• Exercise instructions
With both ends included, transcribe exactly the records below from their first line to the line that contains "Póster publicitario de".

:: Provided records ::

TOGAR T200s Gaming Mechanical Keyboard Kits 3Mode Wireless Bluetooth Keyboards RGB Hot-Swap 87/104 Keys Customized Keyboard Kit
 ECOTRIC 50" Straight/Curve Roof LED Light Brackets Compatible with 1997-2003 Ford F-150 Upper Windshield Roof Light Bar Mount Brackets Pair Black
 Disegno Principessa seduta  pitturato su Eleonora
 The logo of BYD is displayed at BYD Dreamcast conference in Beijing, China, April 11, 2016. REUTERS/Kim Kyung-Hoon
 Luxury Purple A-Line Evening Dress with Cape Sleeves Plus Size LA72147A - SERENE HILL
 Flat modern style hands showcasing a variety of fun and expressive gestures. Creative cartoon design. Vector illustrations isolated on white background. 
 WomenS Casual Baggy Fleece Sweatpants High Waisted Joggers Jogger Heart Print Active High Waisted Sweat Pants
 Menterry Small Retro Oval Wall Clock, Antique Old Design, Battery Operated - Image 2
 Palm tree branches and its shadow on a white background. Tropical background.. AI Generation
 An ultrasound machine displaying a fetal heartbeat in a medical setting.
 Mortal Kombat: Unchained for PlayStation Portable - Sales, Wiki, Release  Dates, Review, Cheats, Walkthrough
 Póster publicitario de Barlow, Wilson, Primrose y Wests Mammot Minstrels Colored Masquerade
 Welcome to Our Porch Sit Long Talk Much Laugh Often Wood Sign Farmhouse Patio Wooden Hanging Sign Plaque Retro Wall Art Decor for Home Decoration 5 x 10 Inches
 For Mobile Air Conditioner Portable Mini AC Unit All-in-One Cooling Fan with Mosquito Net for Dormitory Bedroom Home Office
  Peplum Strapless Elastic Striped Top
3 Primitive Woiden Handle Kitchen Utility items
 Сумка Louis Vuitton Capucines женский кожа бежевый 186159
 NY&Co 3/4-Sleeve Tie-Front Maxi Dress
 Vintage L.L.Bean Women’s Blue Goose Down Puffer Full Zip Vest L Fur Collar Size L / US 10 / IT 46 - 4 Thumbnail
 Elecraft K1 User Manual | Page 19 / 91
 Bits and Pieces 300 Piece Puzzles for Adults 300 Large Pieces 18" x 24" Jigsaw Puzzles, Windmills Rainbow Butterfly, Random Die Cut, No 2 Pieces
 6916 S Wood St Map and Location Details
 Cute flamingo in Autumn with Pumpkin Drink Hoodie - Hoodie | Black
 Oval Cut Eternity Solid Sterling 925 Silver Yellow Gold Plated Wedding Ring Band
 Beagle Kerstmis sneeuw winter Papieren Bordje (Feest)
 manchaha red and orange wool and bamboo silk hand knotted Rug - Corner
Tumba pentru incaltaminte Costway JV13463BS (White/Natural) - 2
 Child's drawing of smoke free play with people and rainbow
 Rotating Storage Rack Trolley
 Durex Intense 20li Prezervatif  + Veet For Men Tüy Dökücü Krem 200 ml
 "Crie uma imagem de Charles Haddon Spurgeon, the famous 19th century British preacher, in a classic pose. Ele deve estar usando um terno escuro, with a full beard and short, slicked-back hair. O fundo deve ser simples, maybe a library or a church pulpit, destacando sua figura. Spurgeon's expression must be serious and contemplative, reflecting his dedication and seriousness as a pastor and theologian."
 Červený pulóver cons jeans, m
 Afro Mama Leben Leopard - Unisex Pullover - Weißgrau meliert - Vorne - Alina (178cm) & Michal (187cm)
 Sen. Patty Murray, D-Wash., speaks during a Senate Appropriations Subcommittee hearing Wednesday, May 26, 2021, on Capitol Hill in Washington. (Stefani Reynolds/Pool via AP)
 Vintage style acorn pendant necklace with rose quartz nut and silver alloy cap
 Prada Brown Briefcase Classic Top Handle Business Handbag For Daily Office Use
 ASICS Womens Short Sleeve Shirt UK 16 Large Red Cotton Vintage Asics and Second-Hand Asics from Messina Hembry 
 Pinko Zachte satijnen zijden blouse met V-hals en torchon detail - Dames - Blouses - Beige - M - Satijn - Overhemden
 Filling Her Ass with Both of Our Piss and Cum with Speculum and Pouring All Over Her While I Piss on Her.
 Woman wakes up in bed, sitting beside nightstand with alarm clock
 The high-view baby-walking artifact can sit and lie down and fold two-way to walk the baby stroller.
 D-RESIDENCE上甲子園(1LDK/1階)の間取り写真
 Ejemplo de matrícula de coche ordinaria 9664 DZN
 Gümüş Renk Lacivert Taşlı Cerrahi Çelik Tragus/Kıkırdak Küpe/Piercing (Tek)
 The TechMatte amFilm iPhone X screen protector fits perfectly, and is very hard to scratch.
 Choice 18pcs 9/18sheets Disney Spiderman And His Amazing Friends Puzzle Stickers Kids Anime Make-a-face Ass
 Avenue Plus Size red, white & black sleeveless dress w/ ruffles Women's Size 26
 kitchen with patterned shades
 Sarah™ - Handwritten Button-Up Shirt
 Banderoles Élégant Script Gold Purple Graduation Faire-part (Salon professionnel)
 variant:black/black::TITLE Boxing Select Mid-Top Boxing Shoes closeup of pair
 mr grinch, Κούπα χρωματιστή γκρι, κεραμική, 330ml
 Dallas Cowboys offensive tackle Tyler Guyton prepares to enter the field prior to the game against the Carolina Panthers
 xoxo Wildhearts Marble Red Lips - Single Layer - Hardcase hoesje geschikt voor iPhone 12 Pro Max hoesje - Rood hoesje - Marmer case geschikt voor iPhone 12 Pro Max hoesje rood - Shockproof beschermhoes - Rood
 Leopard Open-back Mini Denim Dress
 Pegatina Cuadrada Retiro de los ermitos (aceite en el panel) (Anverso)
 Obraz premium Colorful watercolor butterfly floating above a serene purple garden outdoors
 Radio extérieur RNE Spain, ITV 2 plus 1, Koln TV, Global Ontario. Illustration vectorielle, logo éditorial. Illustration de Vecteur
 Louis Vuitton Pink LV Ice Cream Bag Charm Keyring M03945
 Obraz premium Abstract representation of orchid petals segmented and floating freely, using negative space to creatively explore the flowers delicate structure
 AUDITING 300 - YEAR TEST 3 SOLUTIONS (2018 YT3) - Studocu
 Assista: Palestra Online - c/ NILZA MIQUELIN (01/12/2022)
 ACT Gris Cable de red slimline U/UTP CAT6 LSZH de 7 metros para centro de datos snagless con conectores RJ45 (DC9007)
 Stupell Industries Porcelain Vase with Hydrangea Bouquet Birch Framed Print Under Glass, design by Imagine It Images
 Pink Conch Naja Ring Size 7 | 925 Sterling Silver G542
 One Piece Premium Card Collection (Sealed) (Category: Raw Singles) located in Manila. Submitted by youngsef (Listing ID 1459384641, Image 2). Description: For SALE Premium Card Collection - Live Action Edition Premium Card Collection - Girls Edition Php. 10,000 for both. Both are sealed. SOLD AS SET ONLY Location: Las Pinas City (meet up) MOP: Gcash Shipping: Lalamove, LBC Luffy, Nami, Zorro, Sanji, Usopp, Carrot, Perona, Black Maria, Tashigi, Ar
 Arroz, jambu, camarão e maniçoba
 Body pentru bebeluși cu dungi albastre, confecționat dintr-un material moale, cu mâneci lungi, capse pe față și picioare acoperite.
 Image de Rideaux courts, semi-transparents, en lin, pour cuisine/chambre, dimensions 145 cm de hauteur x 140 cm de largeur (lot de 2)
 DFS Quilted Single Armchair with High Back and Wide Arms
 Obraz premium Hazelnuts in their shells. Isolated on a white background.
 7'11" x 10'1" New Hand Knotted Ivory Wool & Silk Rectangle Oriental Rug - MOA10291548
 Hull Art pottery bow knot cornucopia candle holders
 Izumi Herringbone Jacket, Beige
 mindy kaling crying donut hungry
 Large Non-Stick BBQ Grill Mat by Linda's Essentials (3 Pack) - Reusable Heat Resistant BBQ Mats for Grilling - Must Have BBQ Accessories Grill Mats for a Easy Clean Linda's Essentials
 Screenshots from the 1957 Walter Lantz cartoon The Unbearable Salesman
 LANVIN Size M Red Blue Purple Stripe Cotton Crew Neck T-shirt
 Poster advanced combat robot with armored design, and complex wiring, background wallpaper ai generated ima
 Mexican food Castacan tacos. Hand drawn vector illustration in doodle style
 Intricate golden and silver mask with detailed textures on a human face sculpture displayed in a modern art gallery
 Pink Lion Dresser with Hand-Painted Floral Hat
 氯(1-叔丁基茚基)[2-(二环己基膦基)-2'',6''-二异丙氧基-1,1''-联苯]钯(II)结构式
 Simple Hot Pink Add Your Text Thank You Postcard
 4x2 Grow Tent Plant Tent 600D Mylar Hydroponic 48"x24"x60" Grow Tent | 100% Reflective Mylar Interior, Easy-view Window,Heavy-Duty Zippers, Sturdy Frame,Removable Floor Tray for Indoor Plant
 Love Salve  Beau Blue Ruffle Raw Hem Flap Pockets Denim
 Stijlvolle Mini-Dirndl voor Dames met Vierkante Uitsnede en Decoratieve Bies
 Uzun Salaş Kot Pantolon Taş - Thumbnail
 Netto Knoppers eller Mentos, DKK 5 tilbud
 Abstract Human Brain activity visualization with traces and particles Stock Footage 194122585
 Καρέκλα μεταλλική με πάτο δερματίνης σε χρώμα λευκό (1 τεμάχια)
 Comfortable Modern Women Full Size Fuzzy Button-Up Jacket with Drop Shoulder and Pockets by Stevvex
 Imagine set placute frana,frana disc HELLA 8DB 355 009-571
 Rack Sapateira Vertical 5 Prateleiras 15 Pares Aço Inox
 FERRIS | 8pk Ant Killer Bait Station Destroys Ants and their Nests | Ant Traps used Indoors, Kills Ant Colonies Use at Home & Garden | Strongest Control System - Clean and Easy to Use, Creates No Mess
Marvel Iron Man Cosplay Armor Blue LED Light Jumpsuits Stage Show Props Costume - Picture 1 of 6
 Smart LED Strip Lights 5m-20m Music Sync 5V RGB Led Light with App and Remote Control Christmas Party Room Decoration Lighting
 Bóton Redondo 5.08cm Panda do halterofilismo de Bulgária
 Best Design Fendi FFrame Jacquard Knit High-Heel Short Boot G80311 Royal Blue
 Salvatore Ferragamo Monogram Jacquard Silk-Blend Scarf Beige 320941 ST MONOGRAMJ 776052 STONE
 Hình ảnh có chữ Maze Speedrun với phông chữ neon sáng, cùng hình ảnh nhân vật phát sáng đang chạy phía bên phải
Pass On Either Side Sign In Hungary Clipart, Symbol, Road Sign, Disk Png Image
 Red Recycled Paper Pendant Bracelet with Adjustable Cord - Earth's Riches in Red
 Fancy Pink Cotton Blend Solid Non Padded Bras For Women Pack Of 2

:::

• Response to the exercise
TOGAR T200s Gaming Mechanical Keyboard Kits 3Mode Wireless Bluetooth Keyboards RGB Hot-Swap 87/104 Keys Customized Keyboard Kit
 ECOTRIC 50" Straight/Curve Roof LED Light Brackets Compatible with 1997-2003 Ford F-150 Upper Windshield Roof Light Bar Mount Brackets Pair Black
 Disegno Principessa seduta  pitturato su Eleonora
 The logo of BYD is displayed at BYD Dreamcast conference in Beijing, China, April 11, 2016. REUTERS/Kim Kyung-Hoon
 Luxury Purple A-Line Evening Dress with Cape Sleeves Plus Size LA72147A - SERENE HILL
 Flat modern style hands showcasing a variety of fun and expressive gestures. Creative cartoon design. Vector illustrations isolated on white background. 
 WomenS Casual Baggy Fleece Sweatpants High Waisted Joggers Jogger Heart Print Active High Waisted Sweat Pants
 Menterry Small Retro Oval Wall Clock, Antique Old Design, Battery Operated - Image 2
 Palm tree branches and its shadow on a white background. Tropical background.. AI Generation
 An ultrasound machine displaying a fetal heartbeat in a medical setting.
 Mortal Kombat: Unchained for PlayStation Portable - Sales, Wiki, Release  Dates, Review, Cheats, Walkthrough
 Póster publicitario de Barlow, Wilson, Primrose y Wests Mammot Minstrels Colored Masquerade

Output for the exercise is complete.